- Based on: "Just Like the Ones We Used to Know" by Connie Willis
- Written by: Rodney Vaccaro
- Directed by: Peter Werner
- Starring: Julie Ann Emery Jennifer Esposito Camryn Manheim Poppy Montgomery Jason Priestley Mary Tyler Moore
- Music by: Ernest Troost
- Country of origin: United States
- Original language: English

Production
- Executive producers: Ragna Nervik Mark Wolper
- Producers: Gideon Amir Robert J. Wilson
- Cinematography: Kees Van Oostrum
- Editor: Scott Vickrey
- Running time: 100 minutes
- Production companies: The Wolper Organization Warner Bros. Television

Original release
- Network: CBS
- Release: November 20, 2005

= Snow Wonder =

2005 television film by Peter Werner

Snow Wonder is a 2005 American made-for-television drama film adapted from a Connie Willis short story.

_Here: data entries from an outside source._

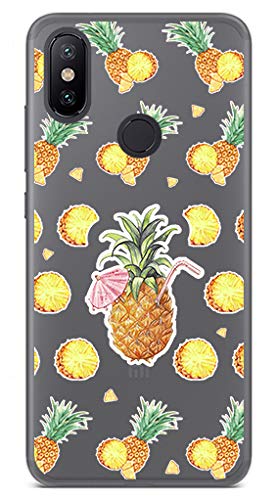 Tumundosmartphone Funda Gel Transparente para XIAOMI MI 6X / MI A2 diseño PIÑA Dibujos Tumundosmartphone Funda Gel Transparente para XIAOMI MI 6X / MI A2 diseño PIÑA Dibujos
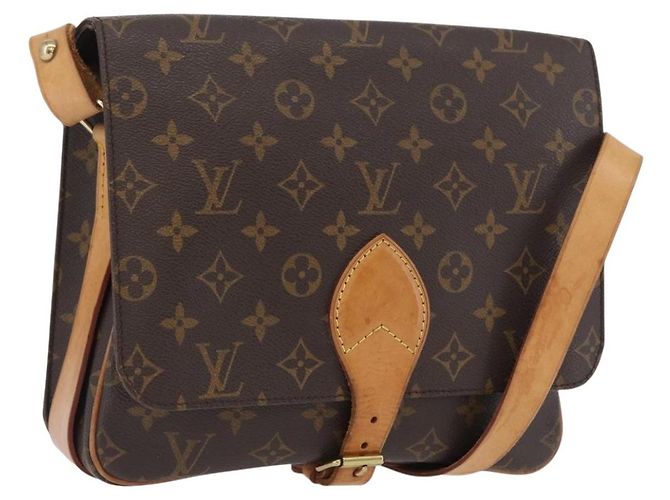 LOUIS VUITTON Bolsa de Ombro Monogram Cartouchiere GM M51252 LV Auth fm5193 Monograma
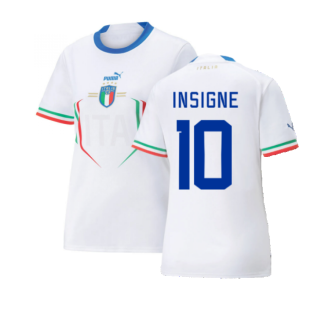 2022-2023 Italy Away Shirt (Ladies) (INSIGNE 10)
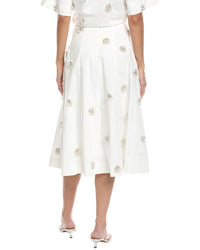 Simkhai Novanna Pleated Midi Skirt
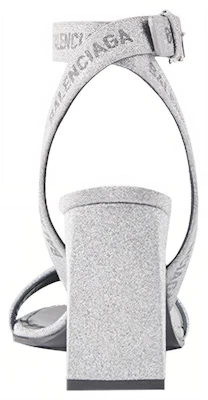(W) Balenciaga Ronde Pailletten Enkelband Hoge Hakken ''Zilver'' 616271W2AH08010 Shop (W) Balenciaga Ronde Pailletten Enkelband Hoge Hakken ''Zilver'' 616271W2AH08010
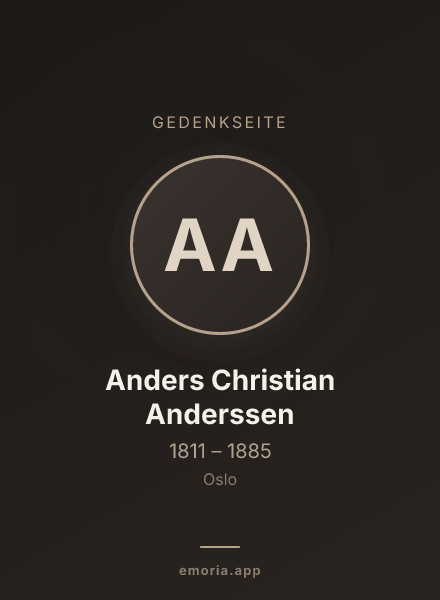 Gedenkportrait von Anders Christian Anderssen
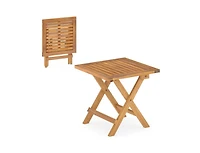 Slickblue Compact Outdoor Folding Side Table for Patio, Garden & Balcony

The film starred Michelle Krusiec, Camryn Manheim, Mary Tyler Moore, Jason Priestley, Josh Randall, and Eric Szmanda, and was produced by The Wolper Organization. It originally aired November 20, 2005, on CBS.

== Plot ==
A freak snowstorm covers the entire world on Christmas Eve, changing the lives of five characters.

== Cast ==
- Julie Ann Emery as Stacey
- Jennifer Esposito as Pilar
- Camryn Manheim as Bev
- Poppy Montgomery as Paula
- Jason Priestley as Warren
- Josh Randall as Billy
- David Sutcliffe as Jim
- Eric Szmanda as Luke
- Mary Tyler Moore as Aunt Lula
- Michelle Krusiec as Joey
- Vince Vieluf as Mario
- Hunter Clary as Miguel

== Critical reception ==
Writing for Variety, critic Brian Lowry called the film "schmaltz" and "a sprawling mishmash of holiday stories", but said that the film "flits between them amiably enough".